Évoquons aussi la présence de coupables faciles, ou encore l’illustration du fait que les grands changements ne viendront pas d’en haut, mais de la base. Le danger de réponses inadaptées est également comparable, surenchère technologique et business d’un côté, haine des musulmans et sur-militarisation de l’autre.

Questionner

Là s’arrêtent les similitudes, et là commence LA différence majeure, qui peut être résumée en une question. Pourquoi, pour défendre une liberté d’expression toute théorique (rappelons qu’en France, à la différence des États-Unis, on n’a pas le droit de tout dire !), des millions de citoyens sont prêts à descendre dans la rue, alors que pour défendre la capacité de l’humanité à passer le plus de temps possible sur cette planète, la mobilisation est cent fois, mille fois moins intense ?

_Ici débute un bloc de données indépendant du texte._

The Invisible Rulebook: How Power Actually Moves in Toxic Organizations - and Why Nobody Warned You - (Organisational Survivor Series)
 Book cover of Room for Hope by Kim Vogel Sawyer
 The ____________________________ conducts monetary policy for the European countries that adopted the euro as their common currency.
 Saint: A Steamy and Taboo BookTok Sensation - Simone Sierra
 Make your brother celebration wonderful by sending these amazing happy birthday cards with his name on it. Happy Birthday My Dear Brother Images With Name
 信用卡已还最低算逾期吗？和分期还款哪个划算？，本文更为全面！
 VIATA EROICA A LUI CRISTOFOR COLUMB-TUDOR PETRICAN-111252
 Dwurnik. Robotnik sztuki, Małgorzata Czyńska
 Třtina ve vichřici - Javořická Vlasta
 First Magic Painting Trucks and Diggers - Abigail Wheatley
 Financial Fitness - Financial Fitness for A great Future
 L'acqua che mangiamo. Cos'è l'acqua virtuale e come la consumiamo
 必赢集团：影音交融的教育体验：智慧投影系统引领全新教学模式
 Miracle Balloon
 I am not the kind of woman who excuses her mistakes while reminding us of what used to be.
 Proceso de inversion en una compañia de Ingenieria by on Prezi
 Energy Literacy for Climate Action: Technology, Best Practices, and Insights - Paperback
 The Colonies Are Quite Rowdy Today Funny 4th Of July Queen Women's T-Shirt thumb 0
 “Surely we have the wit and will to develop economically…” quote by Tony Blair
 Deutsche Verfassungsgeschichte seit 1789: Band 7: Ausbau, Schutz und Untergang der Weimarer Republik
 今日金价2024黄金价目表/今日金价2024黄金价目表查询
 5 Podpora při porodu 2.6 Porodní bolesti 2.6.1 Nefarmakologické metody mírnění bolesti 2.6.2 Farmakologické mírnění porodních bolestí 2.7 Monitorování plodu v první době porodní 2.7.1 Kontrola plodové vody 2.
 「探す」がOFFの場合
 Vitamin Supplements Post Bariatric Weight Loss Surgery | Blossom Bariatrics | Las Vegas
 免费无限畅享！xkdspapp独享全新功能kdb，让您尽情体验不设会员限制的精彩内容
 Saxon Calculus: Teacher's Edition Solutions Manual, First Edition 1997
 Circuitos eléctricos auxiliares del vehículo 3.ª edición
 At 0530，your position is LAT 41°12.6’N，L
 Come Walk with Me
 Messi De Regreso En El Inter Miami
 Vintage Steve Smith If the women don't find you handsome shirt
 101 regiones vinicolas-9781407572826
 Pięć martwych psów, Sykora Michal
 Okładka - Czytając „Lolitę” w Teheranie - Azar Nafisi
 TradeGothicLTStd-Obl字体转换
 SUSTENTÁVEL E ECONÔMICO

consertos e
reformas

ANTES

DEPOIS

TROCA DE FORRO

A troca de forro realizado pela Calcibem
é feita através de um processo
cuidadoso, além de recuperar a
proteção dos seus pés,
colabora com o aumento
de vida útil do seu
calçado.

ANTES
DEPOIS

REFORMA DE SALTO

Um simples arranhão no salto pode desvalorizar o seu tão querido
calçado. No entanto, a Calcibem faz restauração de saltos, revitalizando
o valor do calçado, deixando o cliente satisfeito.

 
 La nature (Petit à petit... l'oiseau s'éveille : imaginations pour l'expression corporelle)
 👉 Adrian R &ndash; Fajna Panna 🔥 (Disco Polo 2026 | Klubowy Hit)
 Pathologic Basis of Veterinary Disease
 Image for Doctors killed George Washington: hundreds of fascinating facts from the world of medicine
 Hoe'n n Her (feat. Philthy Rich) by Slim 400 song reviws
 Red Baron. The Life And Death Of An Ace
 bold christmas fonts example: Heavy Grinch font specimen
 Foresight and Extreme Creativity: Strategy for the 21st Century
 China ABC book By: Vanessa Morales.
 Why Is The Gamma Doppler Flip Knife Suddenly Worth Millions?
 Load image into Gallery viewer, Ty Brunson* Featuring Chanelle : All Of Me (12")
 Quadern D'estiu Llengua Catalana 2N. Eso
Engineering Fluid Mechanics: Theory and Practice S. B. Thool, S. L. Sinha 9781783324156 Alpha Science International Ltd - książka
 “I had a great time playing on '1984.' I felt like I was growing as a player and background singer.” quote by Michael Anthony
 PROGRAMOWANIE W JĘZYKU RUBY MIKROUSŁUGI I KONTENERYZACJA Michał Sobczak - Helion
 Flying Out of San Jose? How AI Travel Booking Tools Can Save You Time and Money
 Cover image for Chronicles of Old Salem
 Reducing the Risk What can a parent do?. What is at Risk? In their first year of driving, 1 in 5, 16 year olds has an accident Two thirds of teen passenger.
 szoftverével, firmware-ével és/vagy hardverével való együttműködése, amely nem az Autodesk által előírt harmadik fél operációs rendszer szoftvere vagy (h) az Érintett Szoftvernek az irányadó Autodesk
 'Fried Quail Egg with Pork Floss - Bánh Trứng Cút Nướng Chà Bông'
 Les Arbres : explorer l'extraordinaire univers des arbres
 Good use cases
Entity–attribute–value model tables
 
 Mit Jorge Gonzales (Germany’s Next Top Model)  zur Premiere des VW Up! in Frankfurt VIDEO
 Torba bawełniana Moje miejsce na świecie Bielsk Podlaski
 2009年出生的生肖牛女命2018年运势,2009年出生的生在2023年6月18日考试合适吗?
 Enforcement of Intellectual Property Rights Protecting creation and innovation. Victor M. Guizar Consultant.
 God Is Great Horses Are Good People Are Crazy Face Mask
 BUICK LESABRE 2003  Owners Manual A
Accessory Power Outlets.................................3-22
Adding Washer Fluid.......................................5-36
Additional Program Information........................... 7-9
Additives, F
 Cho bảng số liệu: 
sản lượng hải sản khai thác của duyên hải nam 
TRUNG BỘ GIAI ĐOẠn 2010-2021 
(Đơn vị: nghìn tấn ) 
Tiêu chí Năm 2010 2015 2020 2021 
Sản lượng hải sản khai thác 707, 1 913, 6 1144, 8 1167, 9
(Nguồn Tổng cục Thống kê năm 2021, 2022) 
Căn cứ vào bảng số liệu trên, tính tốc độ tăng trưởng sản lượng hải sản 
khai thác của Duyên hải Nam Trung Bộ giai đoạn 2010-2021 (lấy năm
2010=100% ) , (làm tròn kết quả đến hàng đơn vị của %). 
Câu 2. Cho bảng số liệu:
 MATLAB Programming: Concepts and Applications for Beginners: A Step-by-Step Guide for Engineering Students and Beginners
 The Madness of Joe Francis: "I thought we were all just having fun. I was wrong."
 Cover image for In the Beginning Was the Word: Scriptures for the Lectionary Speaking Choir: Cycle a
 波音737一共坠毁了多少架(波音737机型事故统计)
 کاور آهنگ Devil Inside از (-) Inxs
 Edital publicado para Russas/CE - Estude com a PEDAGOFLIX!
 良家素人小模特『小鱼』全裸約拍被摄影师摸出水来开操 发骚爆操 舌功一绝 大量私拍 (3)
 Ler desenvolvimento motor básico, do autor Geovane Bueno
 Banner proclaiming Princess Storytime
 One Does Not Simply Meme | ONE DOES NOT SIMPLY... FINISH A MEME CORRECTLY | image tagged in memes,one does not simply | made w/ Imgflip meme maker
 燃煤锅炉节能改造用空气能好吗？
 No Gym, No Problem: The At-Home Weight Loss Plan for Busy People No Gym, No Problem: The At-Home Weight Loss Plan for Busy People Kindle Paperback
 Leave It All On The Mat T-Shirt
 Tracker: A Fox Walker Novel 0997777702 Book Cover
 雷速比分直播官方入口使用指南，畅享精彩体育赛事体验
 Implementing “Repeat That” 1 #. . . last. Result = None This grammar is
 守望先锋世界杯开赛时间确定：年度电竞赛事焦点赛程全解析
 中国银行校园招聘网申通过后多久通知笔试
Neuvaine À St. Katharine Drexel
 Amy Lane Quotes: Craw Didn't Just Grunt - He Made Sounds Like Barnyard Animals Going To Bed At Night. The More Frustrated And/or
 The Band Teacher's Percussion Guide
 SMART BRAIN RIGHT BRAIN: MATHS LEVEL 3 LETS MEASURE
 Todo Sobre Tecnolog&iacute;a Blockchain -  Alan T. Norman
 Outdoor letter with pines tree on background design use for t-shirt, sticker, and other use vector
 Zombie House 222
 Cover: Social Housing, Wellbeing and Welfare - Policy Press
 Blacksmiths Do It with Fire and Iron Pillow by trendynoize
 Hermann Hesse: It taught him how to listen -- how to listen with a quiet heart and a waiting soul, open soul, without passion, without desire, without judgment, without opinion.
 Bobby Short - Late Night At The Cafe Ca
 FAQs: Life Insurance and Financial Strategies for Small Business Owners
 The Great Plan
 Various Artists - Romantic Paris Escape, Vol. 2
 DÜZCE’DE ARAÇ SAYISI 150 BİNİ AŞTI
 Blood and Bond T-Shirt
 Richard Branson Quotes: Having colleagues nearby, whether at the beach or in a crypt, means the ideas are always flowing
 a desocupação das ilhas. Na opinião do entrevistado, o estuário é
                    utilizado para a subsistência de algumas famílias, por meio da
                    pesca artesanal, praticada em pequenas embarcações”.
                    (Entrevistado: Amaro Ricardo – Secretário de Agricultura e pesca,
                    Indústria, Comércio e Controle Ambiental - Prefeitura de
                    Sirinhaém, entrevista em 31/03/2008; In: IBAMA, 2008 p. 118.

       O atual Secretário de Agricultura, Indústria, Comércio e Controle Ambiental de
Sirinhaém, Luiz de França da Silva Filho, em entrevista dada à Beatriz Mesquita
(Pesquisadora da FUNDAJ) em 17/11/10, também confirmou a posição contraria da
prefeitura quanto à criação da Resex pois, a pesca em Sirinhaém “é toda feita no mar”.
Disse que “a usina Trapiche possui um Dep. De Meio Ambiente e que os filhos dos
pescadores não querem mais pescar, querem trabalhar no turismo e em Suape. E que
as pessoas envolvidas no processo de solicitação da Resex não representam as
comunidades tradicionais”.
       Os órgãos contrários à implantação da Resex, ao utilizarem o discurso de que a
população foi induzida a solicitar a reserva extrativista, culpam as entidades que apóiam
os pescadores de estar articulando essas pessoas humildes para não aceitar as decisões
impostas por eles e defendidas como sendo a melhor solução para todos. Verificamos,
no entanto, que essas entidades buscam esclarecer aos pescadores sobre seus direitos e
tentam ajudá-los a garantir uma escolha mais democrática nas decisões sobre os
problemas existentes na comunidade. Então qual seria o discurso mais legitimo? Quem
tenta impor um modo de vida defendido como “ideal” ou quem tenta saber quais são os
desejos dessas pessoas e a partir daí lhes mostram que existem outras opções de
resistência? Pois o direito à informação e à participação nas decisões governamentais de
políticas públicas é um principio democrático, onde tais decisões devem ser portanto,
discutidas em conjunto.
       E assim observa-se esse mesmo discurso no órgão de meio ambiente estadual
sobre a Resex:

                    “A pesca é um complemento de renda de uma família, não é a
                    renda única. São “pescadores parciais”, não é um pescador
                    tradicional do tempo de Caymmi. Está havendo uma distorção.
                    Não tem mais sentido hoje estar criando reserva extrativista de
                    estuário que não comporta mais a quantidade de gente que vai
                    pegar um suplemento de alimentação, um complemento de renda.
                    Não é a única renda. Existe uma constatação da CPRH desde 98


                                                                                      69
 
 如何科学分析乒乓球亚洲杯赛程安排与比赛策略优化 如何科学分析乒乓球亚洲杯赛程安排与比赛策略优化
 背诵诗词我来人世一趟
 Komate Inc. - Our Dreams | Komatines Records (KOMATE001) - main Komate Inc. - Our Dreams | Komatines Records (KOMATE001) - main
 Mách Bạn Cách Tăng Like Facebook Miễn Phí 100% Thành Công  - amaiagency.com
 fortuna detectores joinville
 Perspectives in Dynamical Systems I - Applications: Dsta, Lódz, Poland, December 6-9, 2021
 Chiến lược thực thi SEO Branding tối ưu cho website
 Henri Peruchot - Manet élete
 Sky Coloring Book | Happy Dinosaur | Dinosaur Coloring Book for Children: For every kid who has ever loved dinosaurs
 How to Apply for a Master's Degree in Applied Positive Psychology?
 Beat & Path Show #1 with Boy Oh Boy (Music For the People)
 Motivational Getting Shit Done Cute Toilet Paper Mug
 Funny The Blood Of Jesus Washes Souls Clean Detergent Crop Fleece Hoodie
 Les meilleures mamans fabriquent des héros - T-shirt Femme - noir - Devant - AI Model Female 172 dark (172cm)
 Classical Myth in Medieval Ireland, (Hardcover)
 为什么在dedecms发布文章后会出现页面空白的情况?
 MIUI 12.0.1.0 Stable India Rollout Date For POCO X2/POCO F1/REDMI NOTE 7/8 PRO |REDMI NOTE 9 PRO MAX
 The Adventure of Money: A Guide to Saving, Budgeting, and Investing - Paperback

Éléments de réponse : à l’évidence, le fait que 17 personnes aient été assassinées a changé beaucoup de choses. La force de l’image, de l’événement choc. L’émotion était à son comble. Également, le fait que la liberté d’expression soit un des symboles forts de la nation, depuis un paquet de dizaines d’années, alors que l’écologie est à la fois plus récente et moins bien intégrée. La réaction danoise, bien moins forte, illustre à quel point c’est une spécificité française. Spécificité aussi dans notre grande facilité à descendre dans la rue pour exprimer notre mécontentement, en pensant parfois que cela peut suffire (esprit du 1er mai 2002, es-tu encore là ?).

Le point commun de tous ces éléments ? Rien n’est rationnel. Et c’est justement là que je veux en venir.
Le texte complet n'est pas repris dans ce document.